[Source data]
[Start of section]

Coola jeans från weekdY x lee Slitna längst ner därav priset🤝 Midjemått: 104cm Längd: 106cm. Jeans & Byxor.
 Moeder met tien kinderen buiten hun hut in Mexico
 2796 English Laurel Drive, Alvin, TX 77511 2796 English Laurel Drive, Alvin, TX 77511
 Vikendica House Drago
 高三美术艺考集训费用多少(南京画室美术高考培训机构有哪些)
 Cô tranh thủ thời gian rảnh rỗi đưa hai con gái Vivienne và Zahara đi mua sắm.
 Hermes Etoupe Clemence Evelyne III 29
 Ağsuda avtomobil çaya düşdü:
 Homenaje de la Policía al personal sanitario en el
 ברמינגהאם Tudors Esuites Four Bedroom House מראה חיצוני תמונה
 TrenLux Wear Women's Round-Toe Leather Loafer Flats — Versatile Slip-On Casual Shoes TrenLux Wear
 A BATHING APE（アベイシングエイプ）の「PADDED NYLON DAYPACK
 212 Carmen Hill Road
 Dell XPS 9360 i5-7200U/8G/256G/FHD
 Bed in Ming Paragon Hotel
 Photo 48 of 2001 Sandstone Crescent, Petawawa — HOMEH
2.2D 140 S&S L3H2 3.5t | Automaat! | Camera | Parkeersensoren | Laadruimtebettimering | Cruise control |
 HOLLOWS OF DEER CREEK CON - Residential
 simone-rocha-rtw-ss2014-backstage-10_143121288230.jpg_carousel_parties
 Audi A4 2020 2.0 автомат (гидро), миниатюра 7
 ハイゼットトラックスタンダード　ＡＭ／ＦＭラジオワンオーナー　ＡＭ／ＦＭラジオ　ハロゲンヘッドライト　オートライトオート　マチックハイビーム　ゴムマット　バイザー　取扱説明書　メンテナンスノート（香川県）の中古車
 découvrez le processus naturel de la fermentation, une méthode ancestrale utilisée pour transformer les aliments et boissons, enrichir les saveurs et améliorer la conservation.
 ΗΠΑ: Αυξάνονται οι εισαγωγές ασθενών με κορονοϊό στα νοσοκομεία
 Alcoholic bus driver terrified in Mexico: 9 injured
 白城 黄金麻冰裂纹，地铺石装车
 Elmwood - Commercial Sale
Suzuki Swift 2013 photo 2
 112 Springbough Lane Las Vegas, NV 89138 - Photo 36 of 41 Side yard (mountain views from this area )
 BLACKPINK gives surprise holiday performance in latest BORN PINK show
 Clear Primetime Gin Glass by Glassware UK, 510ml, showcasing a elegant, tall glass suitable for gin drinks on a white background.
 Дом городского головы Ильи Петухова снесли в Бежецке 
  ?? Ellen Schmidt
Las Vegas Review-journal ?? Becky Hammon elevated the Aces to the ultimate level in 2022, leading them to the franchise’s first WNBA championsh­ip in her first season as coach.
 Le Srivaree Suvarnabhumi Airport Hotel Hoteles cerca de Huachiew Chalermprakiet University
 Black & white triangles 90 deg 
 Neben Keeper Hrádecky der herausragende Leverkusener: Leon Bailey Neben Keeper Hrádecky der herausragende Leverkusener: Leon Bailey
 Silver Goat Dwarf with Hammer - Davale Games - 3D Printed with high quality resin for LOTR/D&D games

[End of section]

Problem description =>
I would like you to output every record exactly as written.

Solution to this task =>
Coola jeans från weekdY x lee Slitna längst ner därav priset🤝 Midjemått: 104cm Längd: 106cm. Jeans & Byxor.
 Moeder met tien kinderen buiten hun hut in Mexico
 2796 English Laurel Drive, Alvin, TX 77511 2796 English Laurel Drive, Alvin, TX 77511
 Vikendica House Drago
 高三美术艺考集训费用多少(南京画室美术高考培训机构有哪些)
 Cô tranh thủ thời gian rảnh rỗi đưa hai con gái Vivienne và Zahara đi mua sắm.
 Hermes Etoupe Clemence Evelyne III 29
 Ağsuda avtomobil çaya düşdü:
 Homenaje de la Policía al personal sanitario en el
 ברמינגהאם Tudors Esuites Four Bedroom House מראה חיצוני תמונה
 TrenLux Wear Women's Round-Toe Leather Loafer Flats — Versatile Slip-On Casual Shoes TrenLux Wear
 A BATHING APE（アベイシングエイプ）の「PADDED NYLON DAYPACK
 212 Carmen Hill Road
 Dell XPS 9360 i5-7200U/8G/256G/FHD
 Bed in Ming Paragon Hotel
 Photo 48 of 2001 Sandstone Crescent, Petawawa — HOMEH
2.2D 140 S&S L3H2 3.5t | Automaat! | Camera | Parkeersensoren | Laadruimtebettimering | Cruise control |
 HOLLOWS OF DEER CREEK CON - Residential
 simone-rocha-rtw-ss2014-backstage-10_143121288230.jpg_carousel_parties
 Audi A4 2020 2.0 автомат (гидро), миниатюра 7
 ハイゼットトラックスタンダード　ＡＭ／ＦＭラジオワンオーナー　ＡＭ／ＦＭラジオ　ハロゲンヘッドライト　オートライトオート　マチックハイビーム　ゴムマット　バイザー　取扱説明書　メンテナンスノート（香川県）の中古車
 découvrez le processus naturel de la fermentation, une méthode ancestrale utilisée pour transformer les aliments et boissons, enrichir les saveurs et améliorer la conservation.
 ΗΠΑ: Αυξάνονται οι εισαγωγές ασθενών με κορονοϊό στα νοσοκομεία
 Alcoholic bus driver terrified in Mexico: 9 injured
 白城 黄金麻冰裂纹，地铺石装车
 Elmwood - Commercial Sale
Suzuki Swift 2013 photo 2
 112 Springbough Lane Las Vegas, NV 89138 - Photo 36 of 41 Side yard (mountain views from this area )
 BLACKPINK gives surprise holiday performance in latest BORN PINK show
 Clear Primetime Gin Glass by Glassware UK, 510ml, showcasing a elegant, tall glass suitable for gin drinks on a white background.
 Дом городского головы Ильи Петухова снесли в Бежецке 
  ?? Ellen Schmidt
Las Vegas Review-journal ?? Becky Hammon elevated the Aces to the ultimate level in 2022, leading them to the franchise’s first WNBA championsh­ip in her first season as coach.
 Le Srivaree Suvarnabhumi Airport Hotel Hoteles cerca de Huachiew Chalermprakiet University
 Black & white triangles 90 deg 
 Neben Keeper Hrádecky der herausragende Leverkusener: Leon Bailey Neben Keeper Hrádecky der herausragende Leverkusener: Leon Bailey
 Silver Goat Dwarf with Hammer - Davale Games - 3D Printed with high quality resin for LOTR/D&D games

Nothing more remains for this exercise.